## [Record set]
• • • • •

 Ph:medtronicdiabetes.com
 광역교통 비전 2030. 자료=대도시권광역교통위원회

• • • • •

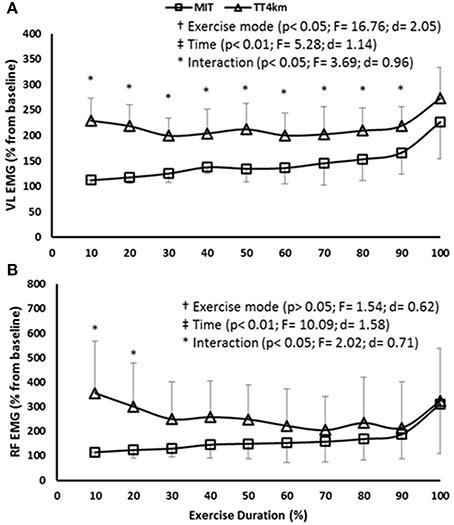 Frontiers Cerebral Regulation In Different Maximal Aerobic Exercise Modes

• • • • •

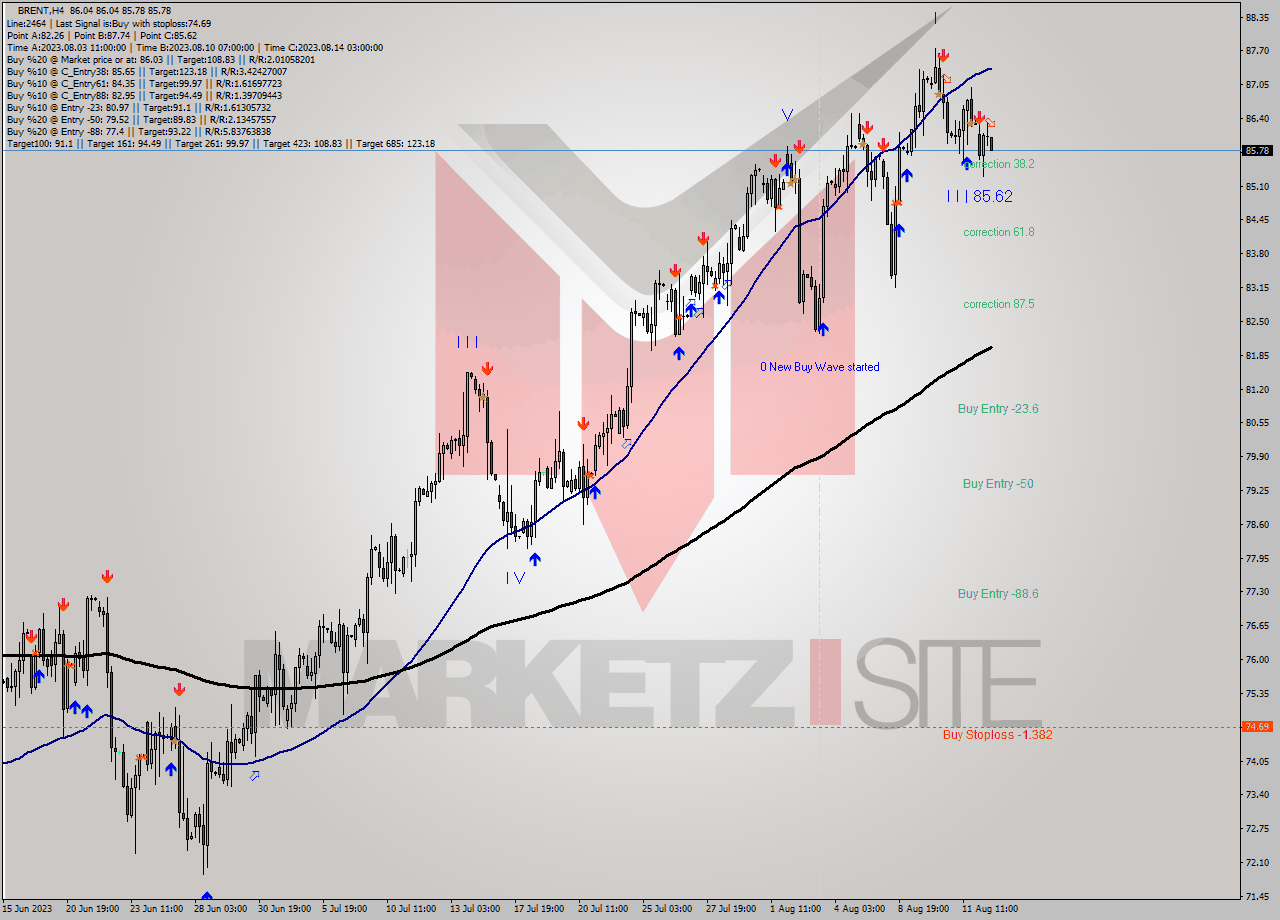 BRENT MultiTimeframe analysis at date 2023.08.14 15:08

• • • • •

## [What you are asked to do]
Give back precisely the lines above that start at the line containing "Ph:medtronicdiabetes.com" and end at the line containing "광역교통 비전 2030. 자료=대도시권광역교통위원회", inclusive. No other lines belong in the output.

## [Solution to this problem]
 Ph:medtronicdiabetes.com
 광역교통 비전 2030. 자료=대도시권광역교통위원회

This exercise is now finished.